R called me Wednesday morning and said that Stephen J. Cannell had been on the radio and was going to be at Alamo Draft House that evening. Would I like to go? I said yes. I was thinking, “Hey, I actually know that name. Wasn’t he writing for Adam 12?”
So, we went.
It was a long drive out there. It’s on the west side of Houston and we’re NE. And the traffic was strong, though not bumper to bumper. (That was going the other direction.) –The interesting thing about the trip was we didn’t get home till 11:30 pm.
We arrived, went in, sat down. You can eat there–thank goodness. We ordered Abita Root Beer on tap. It was very sweet, without the twist I expect from root beer. But still good. We ordered and ate potato skins. Bland. The salsa with them was a bit sweet, not spicy. Then we had pizza. R’s is much better. But it wasn’t bad.
Eventually SJC began to speak.
He talked about making the A-Team. The big TV guy told him he wanted it to kind of be Dirty Dozen, Magnificent Seven, crazy guy chewing on feet, Mission: Impossible, and The Road Warrior. And the show is what SJC came up with. It was interesting.
He said that Great American Hero was a “super hero show.” And when they told him to do it, he said, “I’ll do it if I can have it be about the suit. The powers are in the suit.” So they said yes. And then, they left. The next powers that be were not as impressed with the idea of it being all about the suit. They wanted space aliens and monsters… He gave them that once. And, of course, the suit comes from a close encounter of the alien kind.
We watched a Great American Hero episode. Then we watched the A-Team pilot.
Then he answered questions. Someone asked him whether he always knew he would be a writer. He said that he has major learning disabilities, that he had failed three grades by the time he got out of high school…. But then he was at University of Oregon and he signed up for a Creative Writing class. He went to ask Ralph Salsbury, the teacher, about his grading policy, because SJC couldn’t spell worth a lick. The teacher said he wanted SJC to use all the words he knew, not just the ones he thought he could spell. (That night he used verisimilitude and excoriate.)
When he’d been in the class a while, he got a note: “Come see me during office hours.” SJC said he was used to teacher conferences, so he went with dread. Ralph Salsbury closed the door and said, “You are one of the best two students I’ve seen writing in the last 15 years of teaching. You have a God-given talent.”

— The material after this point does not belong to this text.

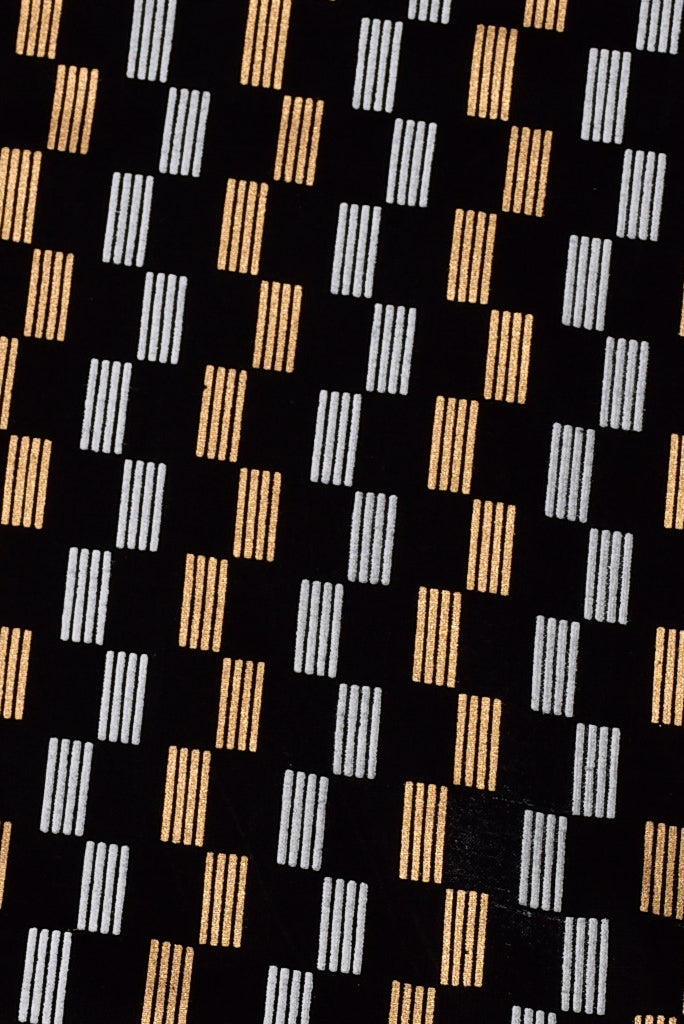 Black Strips Print Rayon Fabric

He said he enjoyed writing novels, because he got to cover everything. But writing for TV was good too because he got to interact with lots of folks.
You pronounce his name “can-uhl” not “cuh-nell,” like I thought.
He wrote for or created and wrote some of my favorite shows:
The Commish
The A-Team
Murder She Wrote (You know, I can’t find a thing that says Cannell wrote on this, but the beginning scene in the typewriter is SJC’s from earlier shows, so he must have had some connection.)
Baa, Baa Black Sheep
Booker
Ironside
Hardcastle and McCormick
He also did The Rockford Files, which was my dad’s favorite show back when we got a TV in 1974.
SJC is now writing novels. He’s been writing one a year since 1996. They’re mysteries. They’re investigative police work.
I bought three copies of the first one, one for me and two for guys in Iraq. I should have just had him put his name on mine. He asked me about Bryan, where he was and when he’d be home. I don’t think I said that Donald was a Soldier. But one was for me, one for a Soldier, and one for a Marine.
And then I bought one hardback of his newest book.
At the end, R said it was strange to go to a theater for dinner and to watch TV.